Priya Tripathi – July 2024
With over 15 years of experience, Priya found her passion in the subject matter of still life (and occasionally, landscapes). Her love of vibrant color and impasto led her to the Old Masters and the style of impressionism. Through expressive brushstrokes and careful placement of color, Tripathi can portray three-dimensional objects on a two-dimensional surface.
Michael Turner – May 2024
Mike Turner’s work revolves around the theory that what free time technology provides us with results in the need for more activities, entertainment, and distraction. This desire to not be alone in our own thoughts permeates into our architecture and landscape. Our needs and their physical expression then share an everbonded relationship growing and altering each other through time.
Patricia Patterson – April 2024
Patterson’s paintings create narratives with collected objects, collective memory, and a nod to art history. While the objects are chosen for their color, their placement results in relationships that suggest complex human relationships, archetypes and messages. The series was created in Mexico City and many of the rich cultural traditions of Mexico can be seen in the work.
Patterson, born in Illinois, is currently the Chair of Fine Arts at Loyola Academy. She worked and painted in Mexico City for the last 25 years and has a new studio in Evanston.
Angela A. McElwain & Sheryl Nieman – March 2024
Angela A. McElwain is a multi-media artist whose studio is in Chicago. Her media includes paintings, drawings, sculptures, and, recently, graphic novels. She was an Artist in Residence in Chicago when she created and installed a series of interior murals for the Logan Square Library. The selected work is from Angela McElwain’s NAL (Not A Landscape) Series. The work is drawn from real places which are then reimagined with color, texture, and atmosphere creating a sensation, mood or energy. No landscape exists here except for the one implied in the imagination.
Sheryl Nieman is a painter working in oils and acrylics. Her canvases are chosen to compliment the story being told and have varied from linen, muslin, board, and glass to walls, ceilings, floors, and objects. Her current style of painting has an obvious division of space, no longer a dash or a dot but a fragmentation using line and flow to divide areas of color. The effects of color and light are examined and explored to create the appropriate mood of the story.
Amber Keene – February 2024
Amber Keene is an art teacher in Northbrook. Her background includes a Bachelor’s of Fine Arts in Art Education From University of Illinois Urbana-Champaign, and a Master’s of Fine Arts in Art Education from University of Illinois Urbana-Champaign.

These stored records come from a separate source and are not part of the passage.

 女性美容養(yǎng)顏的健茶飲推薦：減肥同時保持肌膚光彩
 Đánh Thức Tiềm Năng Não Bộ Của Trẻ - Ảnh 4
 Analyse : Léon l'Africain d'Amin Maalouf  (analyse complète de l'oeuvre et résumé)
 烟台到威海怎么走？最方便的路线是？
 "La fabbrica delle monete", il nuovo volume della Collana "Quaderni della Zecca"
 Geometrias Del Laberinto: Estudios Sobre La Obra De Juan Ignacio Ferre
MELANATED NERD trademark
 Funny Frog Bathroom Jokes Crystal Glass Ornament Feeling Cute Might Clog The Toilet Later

“I am in constant awe of the beauty that can be found in this world we live in. As an artist I try to capture that feeling of inspiration, using oils and a mixed media approach. My landscape paintings are a result of my travels in the U.S. and abroad and the pieces in my self-portrait series consist of resin, oils, and collaged images from nature. The photo portraits were taken by photographer Bill Furlong, resulting in a beautiful collaboration between two artists.”

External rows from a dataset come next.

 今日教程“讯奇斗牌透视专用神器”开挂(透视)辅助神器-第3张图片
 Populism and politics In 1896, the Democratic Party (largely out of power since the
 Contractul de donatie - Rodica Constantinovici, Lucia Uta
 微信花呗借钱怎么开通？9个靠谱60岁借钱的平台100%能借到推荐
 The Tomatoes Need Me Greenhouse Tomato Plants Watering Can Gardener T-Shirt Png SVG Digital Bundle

Beverly Alice Nash – January 2024

Beverly Alice Nash is a Chicago-based painter with a BA in English and an MA in Gerontology. She is also a member of the Chicago Alliance of Visual Artists (CAVA) and the Art Encounter Critique Group.

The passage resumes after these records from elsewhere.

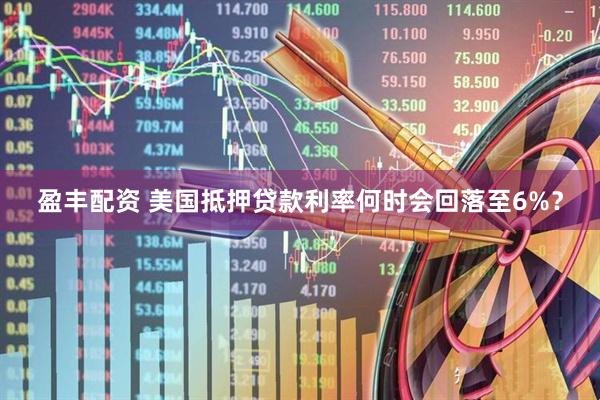 盈丰配资 美国抵押贷款利率何时会回落至6%？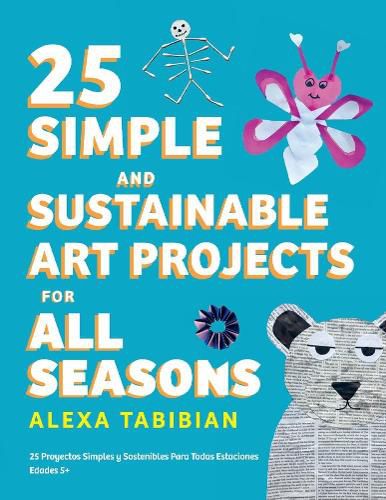 Cover image for 25 Simple and Sustainable Art Projects for All Seasons: Ages 5+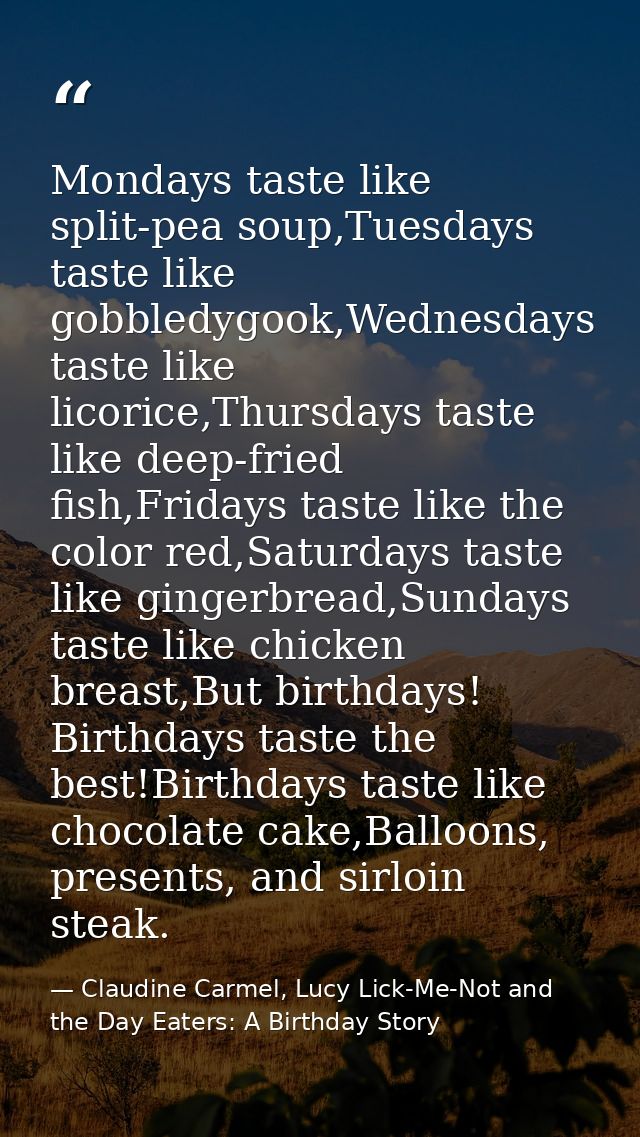 Mondays taste like split-pea soup,Tuesdays taste like gobbledygook,Wednesdays taste like licorice,Thursdays taste like d — Claudine Carmel, Lucy Lick-Me-Not and the Day Eaters: A Birthday Story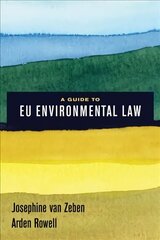 Guide to EU Environmental Law cena un informācija | Ekonomikas grāmatas | 220.lv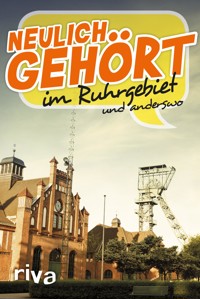 Neulich gehört im Ruhrgebiet -  - E-Book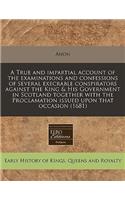 A True and Impartial Account of the Examinations and Confessions of Several Execrable Conspirators Against the King & His Government in Scotland Together with the Proclamation Issued Upon That Occasion (1681)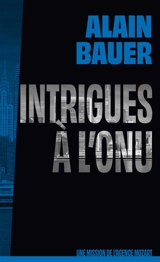 Une mission de l'agence Mozart. Intrigues à l'ONU - Alain Bauer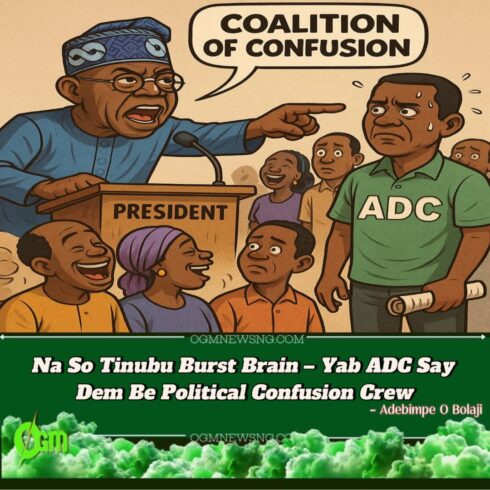 Baba Tinubu No Hold Back – Call ADC ‘Coalition of Confusion’ for Public!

“I paint the things that come into my eyes. Lately I’ve been focused on full length portraits of my friends and family. I especially like to paint big men because I am moved by the solidity and sensuousness of their bodies. My portraits should penetrate the surface and recognize the temperament and personality of the person portrayed. I slightly alienate viewers from reality so that they can see reality freshly through my eyes.”
Annual Students & Instructors Show – December 2023
We are celebrating the return of our Student Show! Stop by for a wide selection of artworks in all mediums from our most proficient artists to our first-time students, and some items from the vault!
This exhibit and sale are a perfect opportunity to get started on your holiday gift list! Artworks in pastel, oil, acrylic pencil and charcoal will be on display.